This interview can be found at Historical Novels.info Here is the link to the original interview. We are giving a copy of this book away, details will be posted tomorrow at Friday ARC giveaways. Thanks
Deborah Swift Interview
December 7, 2010
the author of The Lady's Slipper
It was great to have Deborah Swift visit the blog on December 7, 2010, to talk about her debut novel The Lady's Slipper, about a seventeenth-century woman whose theft of a flower changes her life dramatically. Welcome, Deborah!
Alice's shoes appear and disappear through the novel. Did you consciously set out to include these literal lady's slippers to echo the lady's slipper orchid, or did Alice's shoes appear on the page before you realized what you had done?
The idea of using a woman's shoe arose naturally from the name of the flower, and I thought it would be interesting if another character could have a similar fascination for her lady's slippers (shoes) as Alice has for the orchid. For someone poorer, material comforts might be more important than the natural world, and I wanted a contrast of priorities. So yes, it was intended from the outset. In my first draft Ella the maid referred to the shoes as "slippers," but later I decided it would be a better reader experience if the readers made the link themselves and changed the wording to "shoes" except for a single reference.
You write with great sympathy of your Quaker characters. Have you ever attended a Quaker meeting?

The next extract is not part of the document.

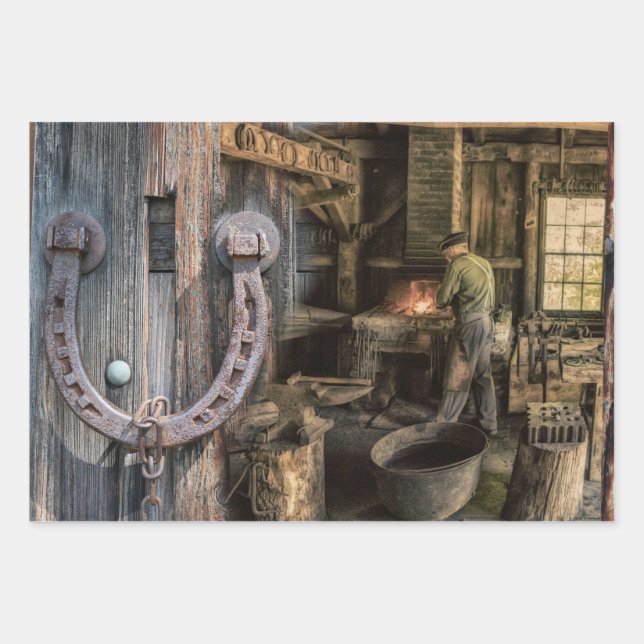 Welder Vintage Blacksmith Horseshoes Wrapping Paper Sheet (Front)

I attended Quaker meetings as part of my research, but am not a regular attender. From my experiences there I admire the Quakers' lack of dogma, and their idea that each person must enquire for him/herself. Of course there are many different types of Quakers now, but they all have the silent meeting at their heart. I am also interested in why attending to silence - an absence, can make people re-assess what is meaningful.
Are there circumstances under which you might, yourself, be tempted to steal a flower?
On spring walks I am always tempted to come home with armfuls of bluebells or other wild flowers, but if everyone did that we would have no wild flowers left, so I refrain. Finding out so much about the fight to preserve our native species means I won't be tempted, besides - Alice's experience has put me off!